-- WHAT TO PRODUCE --
A faithful copy of every entry is the goal; keep the images out of it.
--- GIVEN DATA Enclosed Below ---
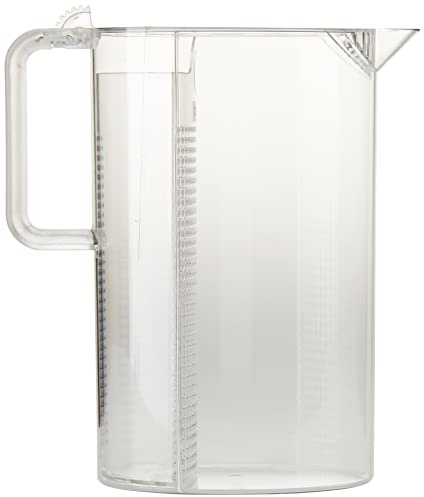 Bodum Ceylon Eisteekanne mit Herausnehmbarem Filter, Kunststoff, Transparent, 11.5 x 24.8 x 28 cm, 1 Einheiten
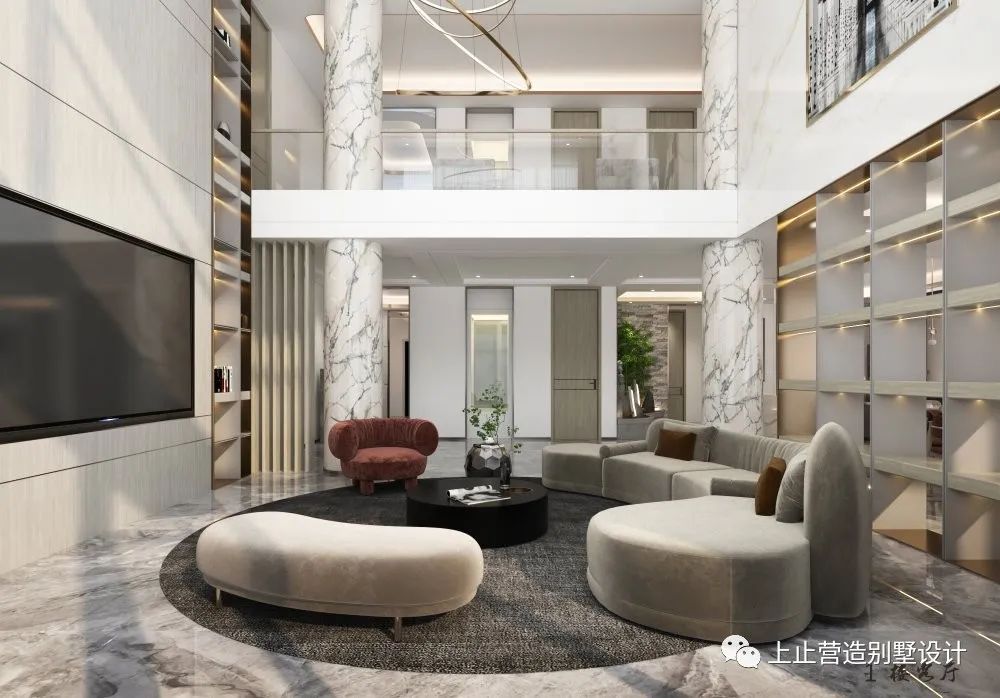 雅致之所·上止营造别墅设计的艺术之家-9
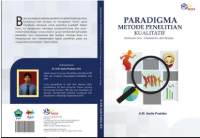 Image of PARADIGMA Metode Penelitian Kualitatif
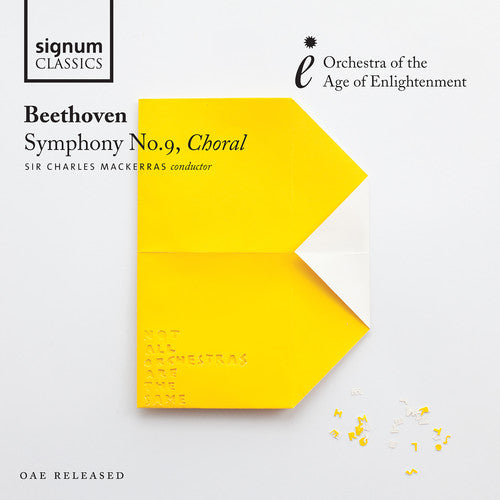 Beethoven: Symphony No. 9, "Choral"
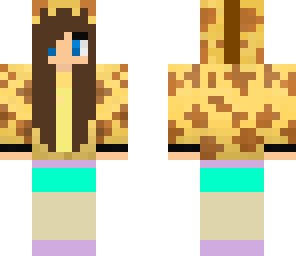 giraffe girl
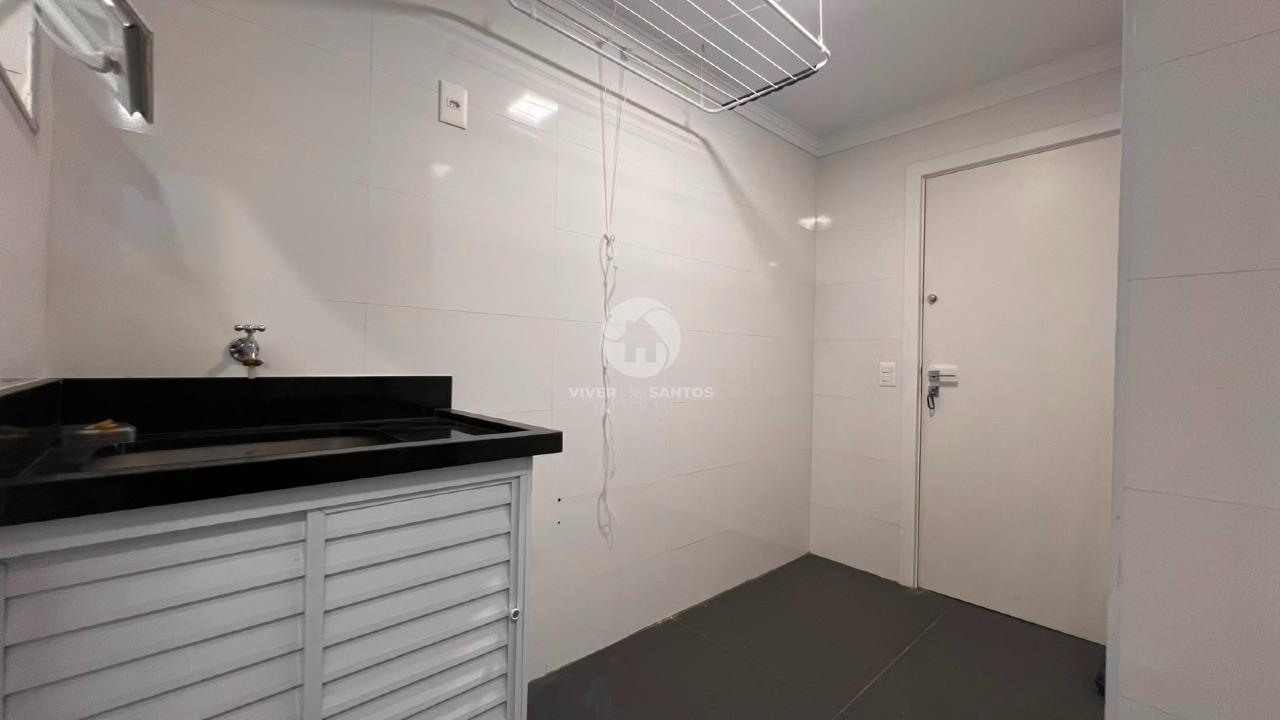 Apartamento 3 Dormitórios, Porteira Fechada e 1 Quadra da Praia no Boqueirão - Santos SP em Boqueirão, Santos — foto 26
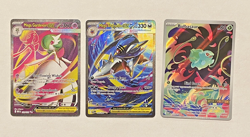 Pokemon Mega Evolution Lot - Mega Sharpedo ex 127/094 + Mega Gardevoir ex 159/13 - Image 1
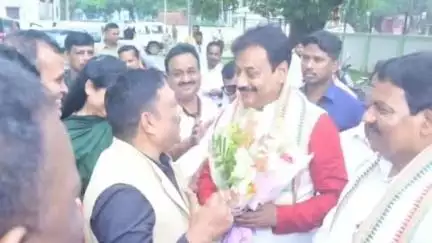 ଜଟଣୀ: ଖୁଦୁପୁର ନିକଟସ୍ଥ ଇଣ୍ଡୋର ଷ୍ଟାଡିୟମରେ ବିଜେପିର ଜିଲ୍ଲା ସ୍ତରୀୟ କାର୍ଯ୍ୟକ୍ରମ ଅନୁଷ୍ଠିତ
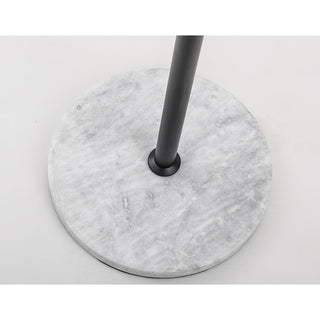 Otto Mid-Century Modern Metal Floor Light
--- End of Enclosed GIVEN DATA ---
-- SOLUTION FOR THIS PROBLEM --
 Bodum Ceylon Eisteekanne mit Herausnehmbarem Filter, Kunststoff, Transparent, 11.5 x 24.8 x 28 cm, 1 Einheiten
 雅致之所·上止营造别墅设计的艺术之家-9
 Image of PARADIGMA Metode Penelitian Kualitatif
 Beethoven: Symphony No. 9, "Choral"
 giraffe girl
 Apartamento 3 Dormitórios, Porteira Fechada e 1 Quadra da Praia no Boqueirão - Santos SP em Boqueirão, Santos — foto 26
 Pokemon Mega Evolution Lot - Mega Sharpedo ex 127/094 + Mega Gardevoir ex 159/13 - Image 1
 ଜଟଣୀ: ଖୁଦୁପୁର ନିକଟସ୍ଥ ଇଣ୍ଡୋର ଷ୍ଟାଡିୟମରେ ବିଜେପିର ଜିଲ୍ଲା ସ୍ତରୀୟ କାର୍ଯ୍ୟକ୍ରମ ଅନୁଷ୍ଠିତ
 Otto Mid-Century Modern Metal Floor Light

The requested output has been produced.